*DATASET RECORDS:*
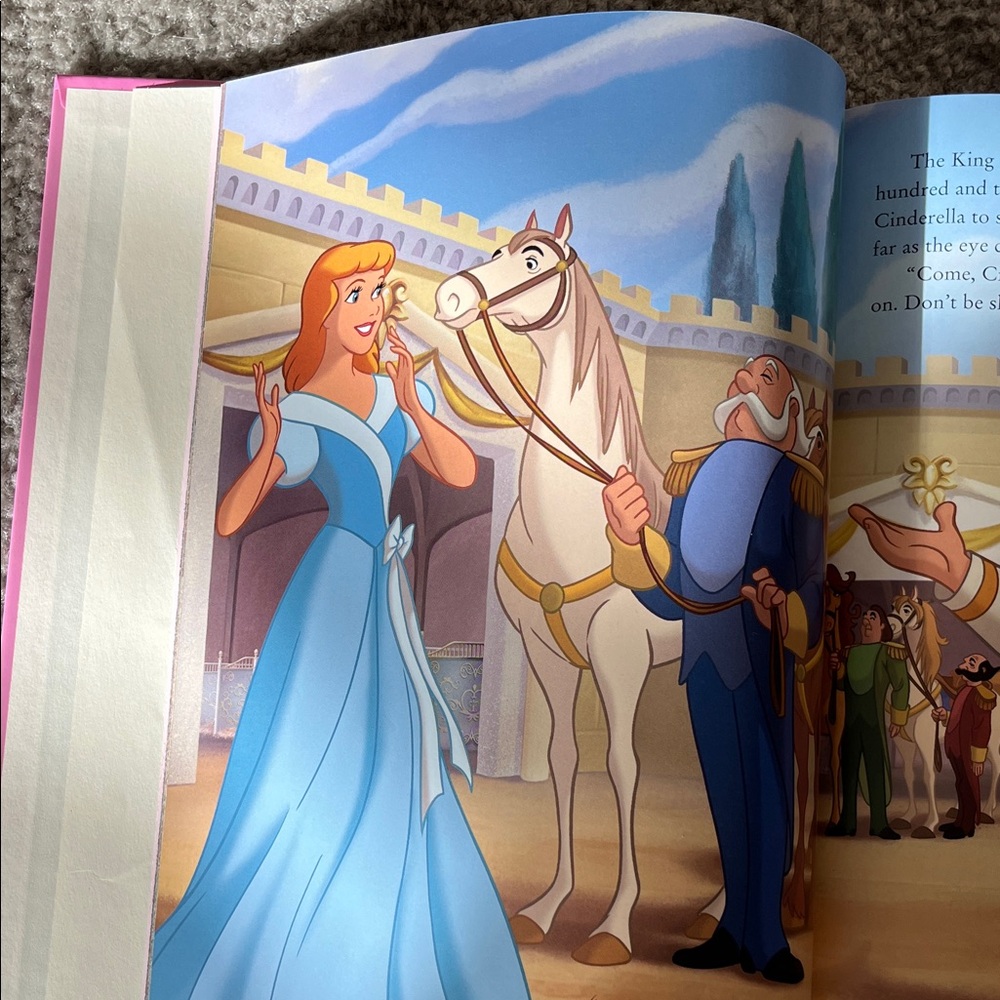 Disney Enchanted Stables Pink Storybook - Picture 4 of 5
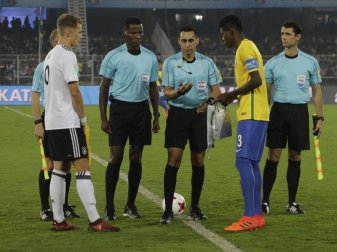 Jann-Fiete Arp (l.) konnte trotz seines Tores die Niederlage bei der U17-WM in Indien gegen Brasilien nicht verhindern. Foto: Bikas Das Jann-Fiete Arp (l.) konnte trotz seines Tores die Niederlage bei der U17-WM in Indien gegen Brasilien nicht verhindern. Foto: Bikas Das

---

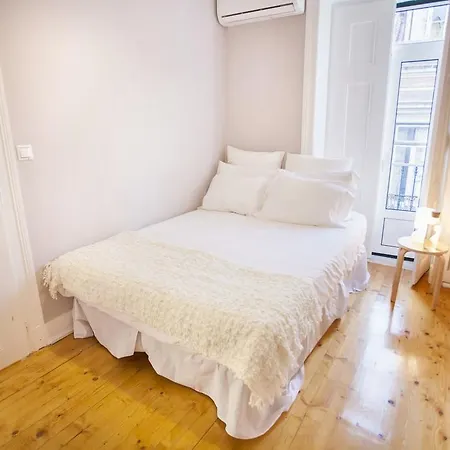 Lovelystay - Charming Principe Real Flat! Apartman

--

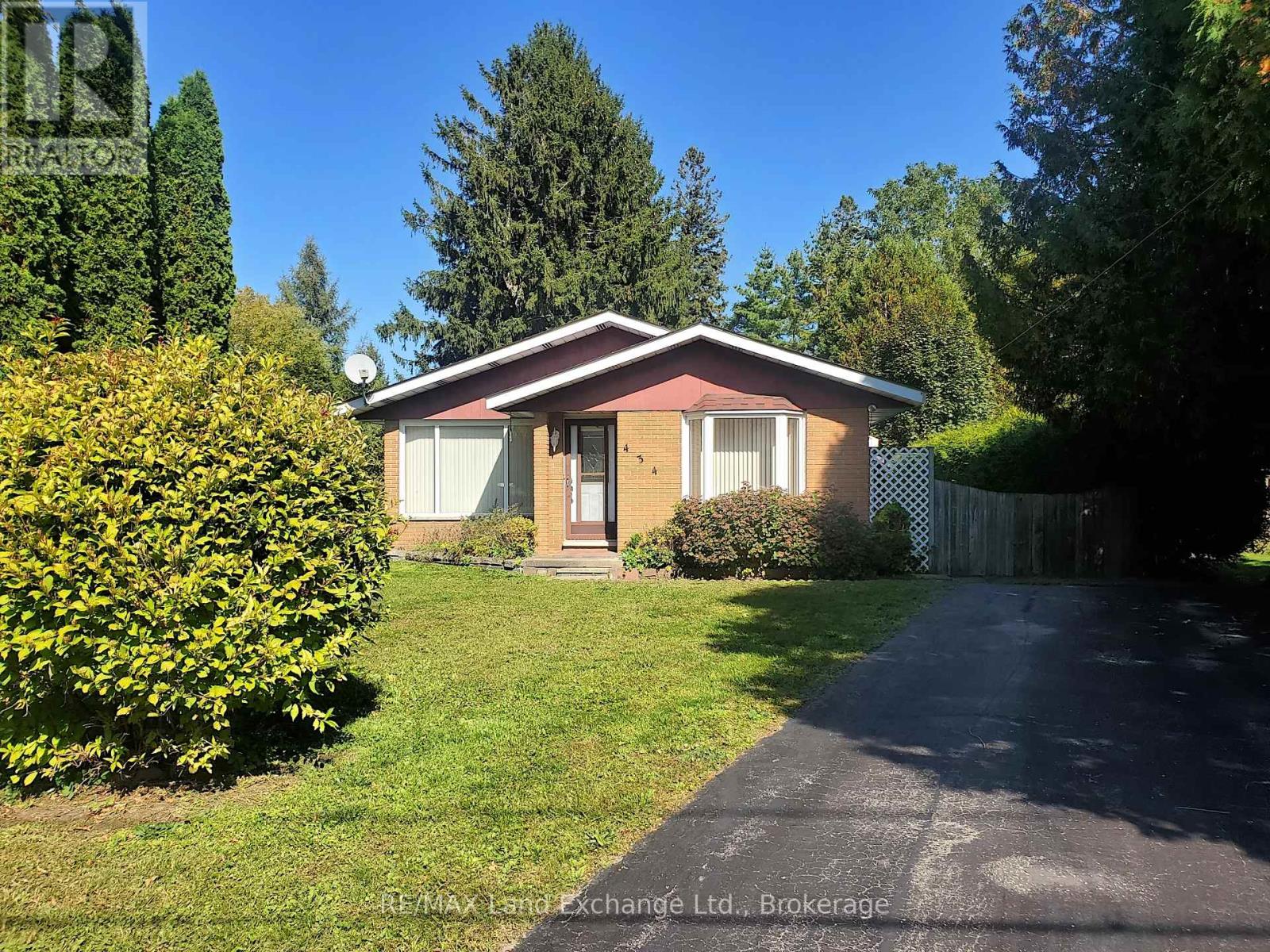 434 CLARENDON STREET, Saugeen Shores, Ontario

*EXERCISE PROMPT:* Using the data above, print only the lines starting at the one with "Disney Enchanted Stables" and ending at the one with "Bikas Das Jann-Fiete", exactly as they stand, minus the pictures.

*SOLUTION TO THE PROBLEM:*
 Disney Enchanted Stables Pink Storybook - Picture 4 of 5
 Jann-Fiete Arp (l.) konnte trotz seines Tores die Niederlage bei der U17-WM in Indien gegen Brasilien nicht verhindern. Foto: Bikas Das Jann-Fiete Arp (l.) konnte trotz seines Tores die Niederlage bei der U17-WM in Indien gegen Brasilien nicht verhindern. Foto: Bikas Das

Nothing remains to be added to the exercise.